While the majority of our grant work consists of demonstrating the benefits of fertilizing pastures the importance of weed control thru identification and proper timing of control also is stressed. With the trend among livestock producers to view pastures as waste areas instead of assets, the proper weed control is often neglected. This allows high populations of weeds to build up in pastures reducing moisture decreasing forage quality and reducing profitability. Producers not practicing good weed control in their pastures also add to the spread of noxious weeds.
During our first year of the project, the weeds in the fertility plots were hand removed to remove the variability. The pasture was relatively free from large patches of weeds. At the fall plot tours that were held, the importance of proper timing and identification were discussed. Tour participants were given a plant identification quiz containing twelve weeds, both noxious and problem pasture weeds. On average, participants needed assistance correctly identifying four of the twelve weeds. Biennial thistles and weeds not locally problems were more difficult for the participants to properly identify.
Taking advantage of opportunities that provide some sort of control, whether it be clipping or spraying in the spring with a heavier spraying in the fall or vise versa was also discussed.
The second year of our project, one of our plots was set in a pasture that had been overgrazed the last few years. Being overgrazed had allowed for weeds to move in and the pastures as well as the plots were sprayed in early summer. This again was to take out one of the variables in the fertility plots.
During the plot tours held in the fall, the importance of not only controlling weeds, but also managing pasture to prevent weed establishment was stressed. With the work load on farms and ranches in the spring the opportune time to control certain weed species also is the opportune time to be working on many other projects. Missing that opportunity can cause an economic loss down the road with added time needed for controlling, spray costs, reduce forage quantity and quality. Participants were shown when the opportune times are for controlling different weeds as well as other times that may work into their operations and still allow them to work towards controlling the weeds.

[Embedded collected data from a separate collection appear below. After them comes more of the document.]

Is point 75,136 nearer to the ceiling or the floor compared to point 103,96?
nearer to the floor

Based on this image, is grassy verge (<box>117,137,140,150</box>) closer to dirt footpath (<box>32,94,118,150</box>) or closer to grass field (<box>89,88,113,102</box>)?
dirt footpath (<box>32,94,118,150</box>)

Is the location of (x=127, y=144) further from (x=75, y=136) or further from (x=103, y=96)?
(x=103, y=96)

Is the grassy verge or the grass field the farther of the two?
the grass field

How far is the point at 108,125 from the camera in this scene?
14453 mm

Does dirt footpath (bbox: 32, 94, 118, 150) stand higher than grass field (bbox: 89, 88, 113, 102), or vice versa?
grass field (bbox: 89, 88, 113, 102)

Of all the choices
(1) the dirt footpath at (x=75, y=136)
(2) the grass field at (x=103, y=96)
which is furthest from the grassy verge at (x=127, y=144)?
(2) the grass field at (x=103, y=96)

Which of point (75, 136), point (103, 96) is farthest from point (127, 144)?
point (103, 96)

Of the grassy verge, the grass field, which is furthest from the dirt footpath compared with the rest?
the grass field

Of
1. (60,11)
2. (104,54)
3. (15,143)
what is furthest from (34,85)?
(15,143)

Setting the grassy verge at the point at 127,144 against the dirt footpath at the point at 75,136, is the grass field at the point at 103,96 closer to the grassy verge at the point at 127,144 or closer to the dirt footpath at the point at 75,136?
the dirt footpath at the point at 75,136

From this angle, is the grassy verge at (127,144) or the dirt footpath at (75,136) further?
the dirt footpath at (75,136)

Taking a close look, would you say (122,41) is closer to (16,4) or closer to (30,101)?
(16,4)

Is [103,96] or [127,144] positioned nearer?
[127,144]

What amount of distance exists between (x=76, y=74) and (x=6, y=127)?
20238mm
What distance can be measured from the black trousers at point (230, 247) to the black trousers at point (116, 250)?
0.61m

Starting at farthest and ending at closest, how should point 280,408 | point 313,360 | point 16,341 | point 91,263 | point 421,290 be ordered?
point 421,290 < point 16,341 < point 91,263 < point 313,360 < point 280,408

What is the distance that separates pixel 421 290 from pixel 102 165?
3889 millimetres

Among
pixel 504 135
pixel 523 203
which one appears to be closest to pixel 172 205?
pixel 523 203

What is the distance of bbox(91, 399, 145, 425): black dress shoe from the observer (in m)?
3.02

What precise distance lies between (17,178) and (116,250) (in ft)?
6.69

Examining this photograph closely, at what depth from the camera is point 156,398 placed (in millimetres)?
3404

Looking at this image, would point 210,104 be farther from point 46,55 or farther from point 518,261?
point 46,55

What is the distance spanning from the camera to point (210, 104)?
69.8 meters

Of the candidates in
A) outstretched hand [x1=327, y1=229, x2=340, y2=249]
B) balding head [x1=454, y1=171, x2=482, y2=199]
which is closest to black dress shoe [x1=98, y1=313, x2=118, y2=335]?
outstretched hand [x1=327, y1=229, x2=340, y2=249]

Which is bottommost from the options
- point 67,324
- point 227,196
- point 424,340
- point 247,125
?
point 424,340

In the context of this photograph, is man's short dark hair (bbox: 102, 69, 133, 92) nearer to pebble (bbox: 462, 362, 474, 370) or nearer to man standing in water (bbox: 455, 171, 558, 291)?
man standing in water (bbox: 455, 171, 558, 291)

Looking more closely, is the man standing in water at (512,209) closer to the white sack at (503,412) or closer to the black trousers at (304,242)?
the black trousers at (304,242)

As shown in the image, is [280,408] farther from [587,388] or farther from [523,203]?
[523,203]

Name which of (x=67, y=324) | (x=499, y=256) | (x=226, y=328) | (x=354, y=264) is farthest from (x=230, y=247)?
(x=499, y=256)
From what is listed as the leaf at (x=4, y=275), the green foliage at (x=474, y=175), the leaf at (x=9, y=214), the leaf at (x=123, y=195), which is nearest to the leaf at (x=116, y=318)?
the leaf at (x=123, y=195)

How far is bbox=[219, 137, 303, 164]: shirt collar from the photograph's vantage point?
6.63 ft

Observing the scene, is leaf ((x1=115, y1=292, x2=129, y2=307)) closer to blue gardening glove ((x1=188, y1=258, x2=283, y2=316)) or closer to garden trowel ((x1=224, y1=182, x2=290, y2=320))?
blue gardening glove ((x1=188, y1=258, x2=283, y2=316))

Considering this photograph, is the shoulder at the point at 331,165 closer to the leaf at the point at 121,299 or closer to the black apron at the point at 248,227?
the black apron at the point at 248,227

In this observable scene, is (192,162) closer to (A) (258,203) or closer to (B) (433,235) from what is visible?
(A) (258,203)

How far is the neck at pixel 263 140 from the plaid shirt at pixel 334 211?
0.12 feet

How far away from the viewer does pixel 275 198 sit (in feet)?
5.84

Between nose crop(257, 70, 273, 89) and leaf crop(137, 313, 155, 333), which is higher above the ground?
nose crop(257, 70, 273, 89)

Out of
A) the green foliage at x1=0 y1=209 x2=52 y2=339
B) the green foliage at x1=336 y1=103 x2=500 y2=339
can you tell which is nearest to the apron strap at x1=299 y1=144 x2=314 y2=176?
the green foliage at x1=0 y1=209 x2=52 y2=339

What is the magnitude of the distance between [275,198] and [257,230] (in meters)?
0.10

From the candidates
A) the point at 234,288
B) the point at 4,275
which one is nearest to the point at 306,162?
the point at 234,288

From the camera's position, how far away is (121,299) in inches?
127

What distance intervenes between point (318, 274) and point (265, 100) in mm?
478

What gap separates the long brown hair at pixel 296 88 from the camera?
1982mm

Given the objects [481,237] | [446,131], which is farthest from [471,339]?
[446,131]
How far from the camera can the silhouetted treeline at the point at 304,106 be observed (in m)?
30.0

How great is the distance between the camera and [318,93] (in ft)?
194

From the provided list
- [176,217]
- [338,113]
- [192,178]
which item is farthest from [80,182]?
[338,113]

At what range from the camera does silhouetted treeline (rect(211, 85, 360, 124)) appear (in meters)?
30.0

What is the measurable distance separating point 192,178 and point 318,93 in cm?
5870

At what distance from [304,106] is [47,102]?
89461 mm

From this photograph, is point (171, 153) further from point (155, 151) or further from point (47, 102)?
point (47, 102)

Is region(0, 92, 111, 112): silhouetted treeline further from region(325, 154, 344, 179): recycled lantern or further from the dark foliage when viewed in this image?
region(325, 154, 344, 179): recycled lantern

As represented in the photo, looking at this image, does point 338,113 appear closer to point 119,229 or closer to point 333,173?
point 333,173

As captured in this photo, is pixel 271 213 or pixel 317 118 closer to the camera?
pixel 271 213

Also stressed was the use of taking advantage of spot treating pastures instead of spraying the entire field. Many of the pastures still have native forbs and grasses in them that can be beneficial to the pasture’s production. Spot treating problem areas can be more economical and at times be applied at a timelier manner, due to the minimum equipment and time often required.
Producers’ thoughts on treating their pastures like an asset instead of a waste land are starting to change for some. Demonstrations and farm applications are one way that producers can see that managing their pastures can be to their advantage. While this project will not change every producers mind, it is a start in the right direction. With our continued work on proper pasture management and visiting with other local producers it is our goal that producers will look at pastures as benefit to their operation
IV. Production Data
Producers know that they have gotten better production by putting nitrogen fertilizer on pastures. However, they didn’t know what level of nitrogen was giving them the most benefit. There was very little phosphorous work done in South Dakota and no data from Northeastern South Dakota. Because crop fields were calling for more and more phosphorous application in the Coteau Region in Northeast South Dakota, we put together a research plot that took both nitrogen and phosphorous into consideration at different rates. All of the plots were mowed and raked in the early spring to take away any dead tissue or other residue off of the plots. We also put the plots in different counties so that it would be more assessable to more producers. In the plots in 2004 they were in Codington and Deuel and in 2005 in Grant and Clark Counties.
We had 16 treatments with four replications in a randomized block design. All of the data was run against the check, which had no fertilizer, but otherwise treated as all of the other treatments.
Soil tests were taken on each pasture prior to fertilization. The levels were as follows:
Producer: pH, N, P (Olsen), K
Raml: 6.2, 11, 3, 267
Lanners: 6.5, 21, 4, 355
Brandt: 6.8, 14, 3, 197
Fullers: 7.4, 19, 3, 630
Leddy: 6.5, 18, 5, 621
In 2004, we had had three sites (Raml, Brandt, and Lanners) that we had plots on. Of the three sites, one (Raml) we could not use the data on due to unforeseen errors. However, that site was still very beneficial as we did hold an educational plot tour as there were visual differences and the Range Management Class from South Dakota University used this plot for their field class.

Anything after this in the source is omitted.